[Collection entries]
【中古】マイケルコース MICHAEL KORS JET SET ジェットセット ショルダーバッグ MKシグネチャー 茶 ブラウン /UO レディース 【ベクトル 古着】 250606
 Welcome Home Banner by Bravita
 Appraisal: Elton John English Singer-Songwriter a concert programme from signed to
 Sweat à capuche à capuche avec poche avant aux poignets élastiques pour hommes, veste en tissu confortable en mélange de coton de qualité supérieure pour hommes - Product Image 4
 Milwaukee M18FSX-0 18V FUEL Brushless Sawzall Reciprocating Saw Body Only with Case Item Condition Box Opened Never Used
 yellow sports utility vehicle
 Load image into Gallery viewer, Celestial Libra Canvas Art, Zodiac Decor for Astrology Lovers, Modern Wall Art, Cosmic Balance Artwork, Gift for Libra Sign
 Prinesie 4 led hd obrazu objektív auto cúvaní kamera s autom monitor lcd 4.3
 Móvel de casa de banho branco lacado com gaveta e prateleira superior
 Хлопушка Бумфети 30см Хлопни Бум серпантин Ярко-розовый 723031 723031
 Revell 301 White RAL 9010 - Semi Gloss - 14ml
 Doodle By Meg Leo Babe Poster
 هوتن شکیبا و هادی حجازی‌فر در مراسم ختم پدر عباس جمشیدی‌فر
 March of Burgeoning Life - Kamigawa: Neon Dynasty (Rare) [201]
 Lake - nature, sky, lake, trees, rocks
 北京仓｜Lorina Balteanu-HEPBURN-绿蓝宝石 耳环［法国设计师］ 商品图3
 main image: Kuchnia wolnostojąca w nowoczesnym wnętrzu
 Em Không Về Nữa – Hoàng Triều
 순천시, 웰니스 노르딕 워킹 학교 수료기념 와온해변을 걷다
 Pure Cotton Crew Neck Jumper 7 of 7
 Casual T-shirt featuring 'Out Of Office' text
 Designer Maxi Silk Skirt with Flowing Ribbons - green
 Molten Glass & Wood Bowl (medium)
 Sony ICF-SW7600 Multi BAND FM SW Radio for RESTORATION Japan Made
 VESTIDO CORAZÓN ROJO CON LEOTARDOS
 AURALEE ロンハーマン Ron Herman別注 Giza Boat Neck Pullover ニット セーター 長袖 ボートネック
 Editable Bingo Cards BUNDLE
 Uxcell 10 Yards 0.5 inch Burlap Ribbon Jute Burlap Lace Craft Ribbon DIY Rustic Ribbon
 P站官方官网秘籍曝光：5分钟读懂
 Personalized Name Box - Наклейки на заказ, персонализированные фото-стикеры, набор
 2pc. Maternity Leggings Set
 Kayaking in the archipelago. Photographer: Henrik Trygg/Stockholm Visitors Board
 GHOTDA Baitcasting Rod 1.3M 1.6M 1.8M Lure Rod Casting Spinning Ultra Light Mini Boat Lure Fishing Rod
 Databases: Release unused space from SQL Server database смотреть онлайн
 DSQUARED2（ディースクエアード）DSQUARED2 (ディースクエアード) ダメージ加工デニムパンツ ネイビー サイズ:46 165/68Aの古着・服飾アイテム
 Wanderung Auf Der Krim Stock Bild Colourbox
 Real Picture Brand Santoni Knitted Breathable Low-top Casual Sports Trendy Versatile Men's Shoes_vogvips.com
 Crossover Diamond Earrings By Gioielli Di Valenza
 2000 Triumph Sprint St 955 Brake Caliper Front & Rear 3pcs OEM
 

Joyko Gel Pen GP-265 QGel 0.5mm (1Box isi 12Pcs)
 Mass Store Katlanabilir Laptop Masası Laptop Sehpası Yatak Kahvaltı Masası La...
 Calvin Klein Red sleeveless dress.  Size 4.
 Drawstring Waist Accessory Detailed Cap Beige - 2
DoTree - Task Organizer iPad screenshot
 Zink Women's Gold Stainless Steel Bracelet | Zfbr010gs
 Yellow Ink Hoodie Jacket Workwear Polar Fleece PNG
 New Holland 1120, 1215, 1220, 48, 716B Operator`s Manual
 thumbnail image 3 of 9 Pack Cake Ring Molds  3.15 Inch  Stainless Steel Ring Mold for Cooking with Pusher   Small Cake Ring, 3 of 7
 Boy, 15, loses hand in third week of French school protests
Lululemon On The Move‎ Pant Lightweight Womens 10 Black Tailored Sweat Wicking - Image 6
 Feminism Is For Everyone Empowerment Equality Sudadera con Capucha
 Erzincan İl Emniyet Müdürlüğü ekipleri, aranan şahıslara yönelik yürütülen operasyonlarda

§ **Work instruction**
Copy the lines from the entries above in which the word "Casual" appears.

§ **Response box**
 Casual T-shirt featuring 'Out Of Office' text
 Real Picture Brand Santoni Knitted Breathable Low-top Casual Sports Trendy Versatile Men's Shoes_vogvips.com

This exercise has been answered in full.